Der Stein ist bereits angerollt
Eine gerichtliche Weisung ist zwar noch kein abschliessendes rechtskräftiges Urteil, hat aber zumindest bewirkt, dass sich das Bundesamt für Zivilluftfahrt (Bazl) sofort an die Arbeit machen musste. Auf Anfrage von «ZU»/ «NBT» bestätigt Bazl-Sprecher Daniel Göring: «Die Abklärungen für eine Verschiebung sind eingeleitet worden.» Neben dem Bundesamt und dem Flughafen ist vor allem die Flugsicherung Skyguide involviert. Zum Zeithorizont sagt Göring: «Eine Verschiebung ist keine Sache von zwei Wochen, eher von Jahren.»
Auch die Flughafen Zürich AG lässt keinen Zweifel offen: «Selbstverständlich werden wir das Gerichtsurteil auch umsetzen», sagt Mediensprecherin Jasmin Bodmer. «Wir sind ja nicht grundsätzlich gegen eine Verschiebung. Es ist uns allerdings ein grosses Anliegen, dass die Konsequenzen einer solchen Verschiebung allen Betroffenen klar sind.»
Keine klaren Linien
«Man muss auch berücksichtigen», fügt Tschudin an, «dass Flugzeuge nicht auf den Meter genau der Route folgen.» Viele Piloten fliegen die Kurve ohne Autopilot, drehen etwas früher oder etwas später ab, innerhalb einer Sicherheitstoleranz.

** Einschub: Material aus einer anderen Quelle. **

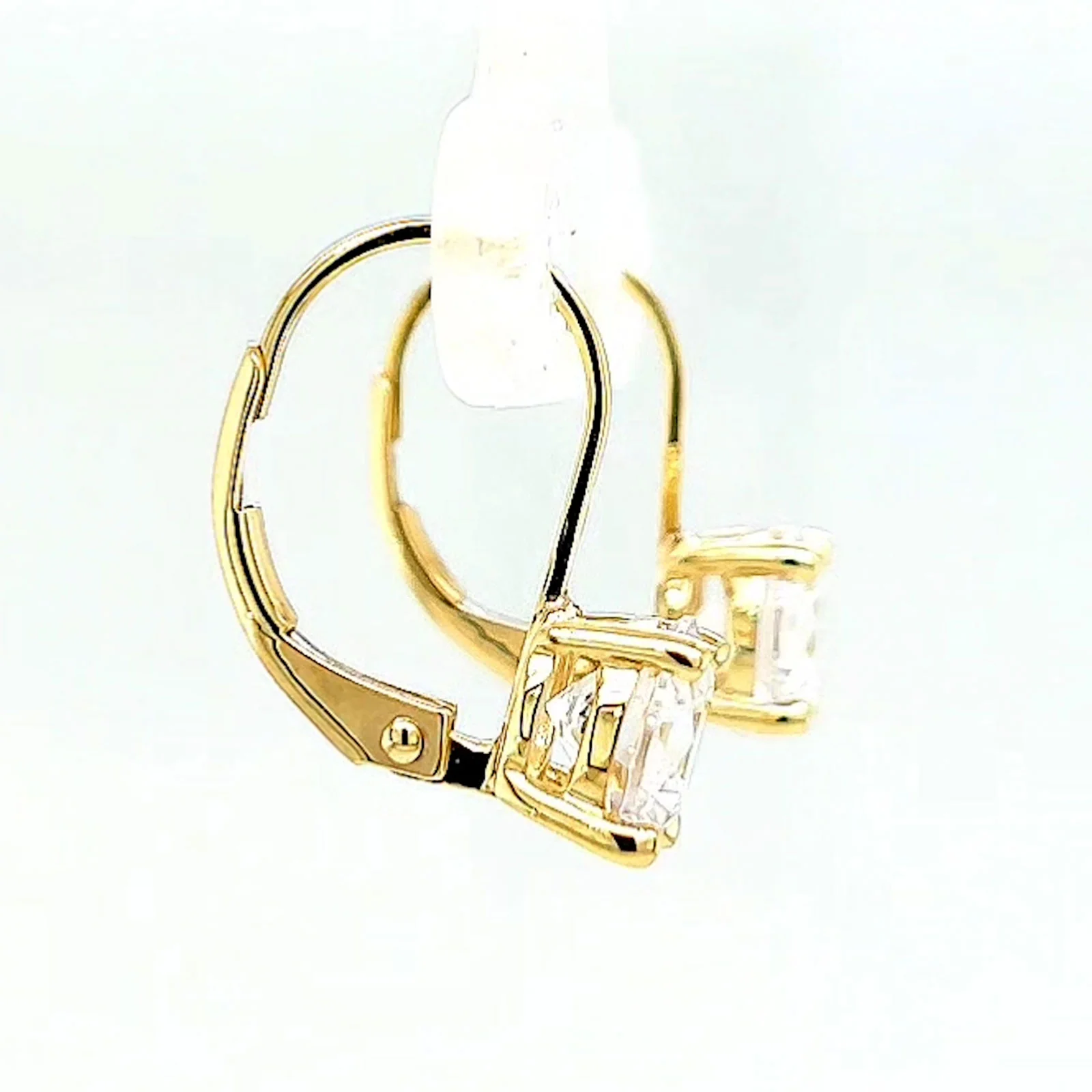 HUSH 9ct Yellow Gold 2 carat tw of Diamond Simulants Drop Earrings - Image 58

So verteilen sich zwischen Buchs und Adlikon die effektiv geflogenen Wege auf einer «Strasse» von mehr als einem Kilometer Breite. «Gleichzeitig aber merken Anwohner manchmal eine Änderung von wenigen Metern», weiss Tschudin. «Zum Beispiel, wenn die Flugzeuge mal rechts und mal links von einem Kirchturm vorbeifliegen.» Die Verschiebung des Punktes nur um einige Meter verschiebt den Luftkorridor von mehr als einem Kilometer Breite nach Westen – und die Wahrscheinlichkeit, dass ein Flugzeug Buchs direkt überfliegt, wird um einiges grösser.
«Durch den vom Gericht definierten Abdrehpunkt ist zu erwarten, dass Adlikon und Watt eher entlastet würden», sagt Tschudin. Dagegen würde die nach Westen verlegte Route näher an Buchs zu liegen kommen, weshalb dort eher eine Mehrbelastung zu erwarten wäre. «In einem so dicht besiedelten Gebiet kann man keine Änderungen in den Abflugrouten vornehmen, ohne dass es Mehrbelastungen für bestimmte Gebiete gibt», erklärt Stefan Tschudin.